*DATASET SECTION:*
● ● ● ● ● ● ●

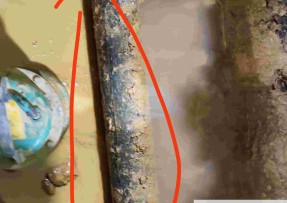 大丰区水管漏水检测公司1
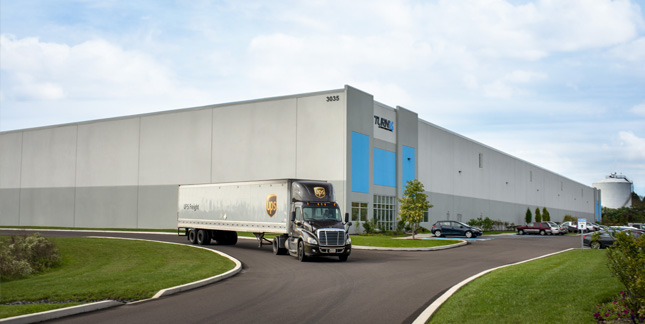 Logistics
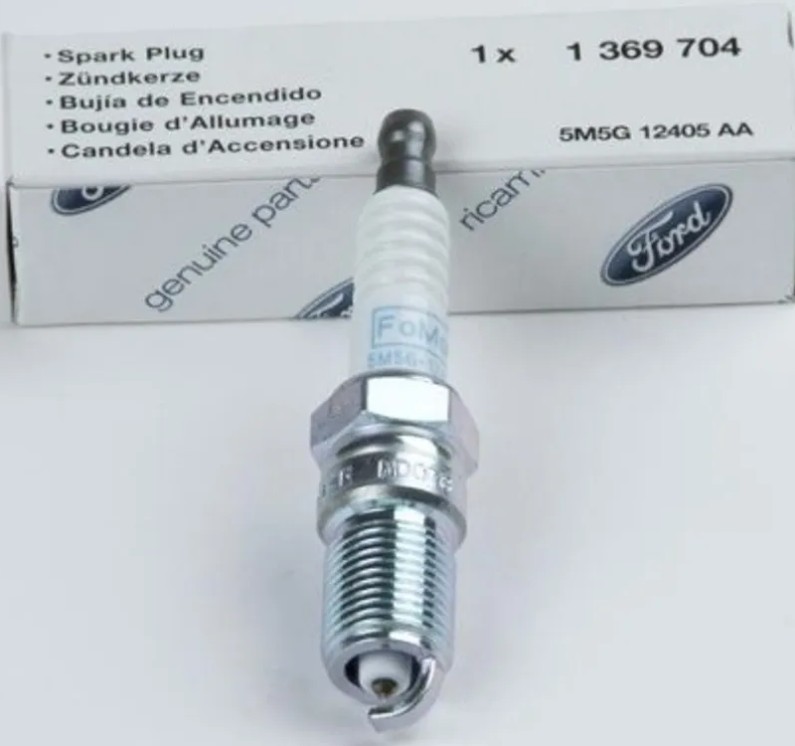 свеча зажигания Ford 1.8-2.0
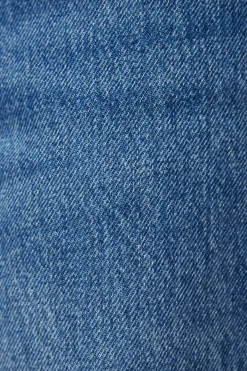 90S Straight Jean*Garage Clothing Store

● ● ● ● ● ● ●

*WORK TO COMPLETE:*
In the copy, include exactly the lines from the one with "свеча зажигания Ford 1.8-2.0" through the final line of the data, both ends included, and no pictures.

*TASK OUTPUT:*
 свеча зажигания Ford 1.8-2.0
 90S Straight Jean*Garage Clothing Store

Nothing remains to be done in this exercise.